Miho Koshi, a finance and economics major from Japan, had the gateway’s first internship with Mars Wrigley UK, the chocolate company, in London, where she took on a project to study gifting among millennials and Generation Z for a business that wants to encourage them to give chocolates. Koshi really felt a part of her team at Mars, which provided lots of chocolates for the workday, plus work-life balance exercises such as mindfulness classes. She worried about the future of her project after she left. But she updated her supervisor each week and received detailed comments and suggestions on her project slides.

“I think my supervisor really put her work into providing guidance as much as she can,” she said.

But Koshi said the bigger impact was the one-on-one Zoom conversations she had with Associate Director for Internships and Student Immigration Nick Brill, Director of Student Affairs Joshua Copeland and her professors — meetings she wouldn’t have needed if on site in London.

“We would not only talk about academics but also how we were doing, how they’re doing in London and how I was doing at the Morris Inn,” she said. Because her parents are in Shanghai, Koshi couldn’t return home in the pandemic and had to stay in South Bend. “So I think the Zoom meetings did shorten the distance between me and my professors because we had more casual conversations.” 

Doctoral candidate Trish Bredar was teaching a class on literature and walking tours, with the intention that students would create and lead their own tours as the final exam. With students leaving London at mid-semester, she quickly pivoted.

“I introduced a hypothetical situation in which a global pandemic meant that no one could go on a real walking tour,” Bredar said. “So I asked them to create a digital resource where someone who is confined to their house could try and get some of the experience of a literary walking tour from the safety of their home.”

Elyse Boldt, a political science major from Chicago, was surprised. She thought they would be relegated to writing a paper remotely instead of designing a walking tour. In her final project on Virginia Woolf’s “Mrs. Dalloway,” she used quotes from Woolf’s diary about London, as well as the novel, to give a walking experience of Westminster Bridge, Big Ben, Houses of Parliament and other famous sites. 
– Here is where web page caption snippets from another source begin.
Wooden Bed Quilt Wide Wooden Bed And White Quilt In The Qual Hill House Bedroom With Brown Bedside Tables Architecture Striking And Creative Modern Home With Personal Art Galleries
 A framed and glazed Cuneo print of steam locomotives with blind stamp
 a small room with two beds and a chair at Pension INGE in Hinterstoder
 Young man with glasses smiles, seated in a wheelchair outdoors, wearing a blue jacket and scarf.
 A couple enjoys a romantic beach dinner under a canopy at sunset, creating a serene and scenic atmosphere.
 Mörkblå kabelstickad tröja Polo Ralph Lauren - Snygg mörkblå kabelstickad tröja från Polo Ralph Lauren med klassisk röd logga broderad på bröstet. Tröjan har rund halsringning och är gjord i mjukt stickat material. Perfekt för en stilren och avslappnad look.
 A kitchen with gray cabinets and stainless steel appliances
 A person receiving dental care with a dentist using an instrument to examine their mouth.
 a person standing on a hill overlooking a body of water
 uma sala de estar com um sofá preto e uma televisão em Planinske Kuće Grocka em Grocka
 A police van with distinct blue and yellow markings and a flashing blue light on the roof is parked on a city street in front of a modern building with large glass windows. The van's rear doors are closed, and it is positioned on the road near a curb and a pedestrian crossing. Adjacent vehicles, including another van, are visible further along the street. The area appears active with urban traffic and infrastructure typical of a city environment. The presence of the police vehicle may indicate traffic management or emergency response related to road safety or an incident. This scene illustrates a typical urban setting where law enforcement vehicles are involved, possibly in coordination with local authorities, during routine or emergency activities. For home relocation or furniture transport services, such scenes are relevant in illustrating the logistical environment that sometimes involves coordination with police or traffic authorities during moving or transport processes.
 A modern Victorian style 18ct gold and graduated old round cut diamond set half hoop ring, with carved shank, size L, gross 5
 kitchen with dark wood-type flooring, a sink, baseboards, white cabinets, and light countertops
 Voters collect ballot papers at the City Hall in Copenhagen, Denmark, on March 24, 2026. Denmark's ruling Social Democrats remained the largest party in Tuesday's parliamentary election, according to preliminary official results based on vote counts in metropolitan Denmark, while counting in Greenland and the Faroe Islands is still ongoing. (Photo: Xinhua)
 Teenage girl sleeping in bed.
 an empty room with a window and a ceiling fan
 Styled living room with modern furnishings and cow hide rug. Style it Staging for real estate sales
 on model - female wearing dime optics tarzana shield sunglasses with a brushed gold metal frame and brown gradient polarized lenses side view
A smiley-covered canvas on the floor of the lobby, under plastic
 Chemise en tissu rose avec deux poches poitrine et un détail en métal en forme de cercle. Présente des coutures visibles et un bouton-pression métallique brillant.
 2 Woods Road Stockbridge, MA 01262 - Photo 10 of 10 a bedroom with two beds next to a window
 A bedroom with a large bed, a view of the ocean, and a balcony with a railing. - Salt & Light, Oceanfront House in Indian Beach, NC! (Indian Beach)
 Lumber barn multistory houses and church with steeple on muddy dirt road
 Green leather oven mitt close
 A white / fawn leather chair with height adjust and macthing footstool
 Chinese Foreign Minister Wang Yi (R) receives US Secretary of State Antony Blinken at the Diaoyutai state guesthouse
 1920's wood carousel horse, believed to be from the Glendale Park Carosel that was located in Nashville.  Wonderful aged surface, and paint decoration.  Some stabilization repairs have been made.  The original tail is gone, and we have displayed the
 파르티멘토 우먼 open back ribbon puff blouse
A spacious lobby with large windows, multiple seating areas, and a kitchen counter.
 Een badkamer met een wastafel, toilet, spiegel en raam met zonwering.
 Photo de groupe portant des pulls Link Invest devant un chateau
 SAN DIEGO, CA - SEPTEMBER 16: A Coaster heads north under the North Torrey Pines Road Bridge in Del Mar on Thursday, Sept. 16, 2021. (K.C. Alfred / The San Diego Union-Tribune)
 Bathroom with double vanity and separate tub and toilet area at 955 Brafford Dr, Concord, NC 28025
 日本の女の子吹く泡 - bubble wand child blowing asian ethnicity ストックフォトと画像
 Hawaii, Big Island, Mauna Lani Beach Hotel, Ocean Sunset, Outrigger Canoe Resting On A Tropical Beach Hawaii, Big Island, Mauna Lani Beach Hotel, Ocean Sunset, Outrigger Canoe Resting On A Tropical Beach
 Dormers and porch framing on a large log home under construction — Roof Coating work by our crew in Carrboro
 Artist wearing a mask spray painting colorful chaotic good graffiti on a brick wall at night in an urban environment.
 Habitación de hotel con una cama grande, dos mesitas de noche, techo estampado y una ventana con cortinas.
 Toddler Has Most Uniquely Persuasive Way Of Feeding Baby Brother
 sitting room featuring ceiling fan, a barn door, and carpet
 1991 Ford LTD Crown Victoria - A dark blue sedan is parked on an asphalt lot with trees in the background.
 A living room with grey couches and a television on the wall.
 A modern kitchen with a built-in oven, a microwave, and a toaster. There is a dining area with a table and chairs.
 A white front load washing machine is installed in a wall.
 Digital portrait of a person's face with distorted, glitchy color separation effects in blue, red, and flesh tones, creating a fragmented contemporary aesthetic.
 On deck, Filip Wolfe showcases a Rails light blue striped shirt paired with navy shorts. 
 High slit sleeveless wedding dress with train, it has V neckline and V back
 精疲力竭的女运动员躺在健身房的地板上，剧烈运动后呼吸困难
“At first I wasn’t looking forward to it because it would remind me of what we could have been doing together as a class, and what we were missing out on,” she said. “But then as I was doing my research, trying to pull these videos from locations of some of the places we had visited together as a class, and places I had seen in person while I was there, it was a great way to wrap up my semester.”

Madison Restivo, an economics and theater major from Bloomington, Illinois, chose Zadie Smith’s novel “NW” for her tour because it is set in working-class northwest London, a place where tourists — and students — don’t normally go. She dove into getting to know a place she never visited through YouTube videos, blogs and Google Maps Street View. In the end she created an experience written as if the tour guide were speaking to you as you flip through her slides, photographs and video links.

“I wanted to continue my experience a little bit farther and explore somewhere new,” she said. “I can’t really say that I feel like I was 100 percent there. I think that would be a little too optimistic. But it’s cool that we were able to adapt, and make the most of a situation that wasn’t ideal.”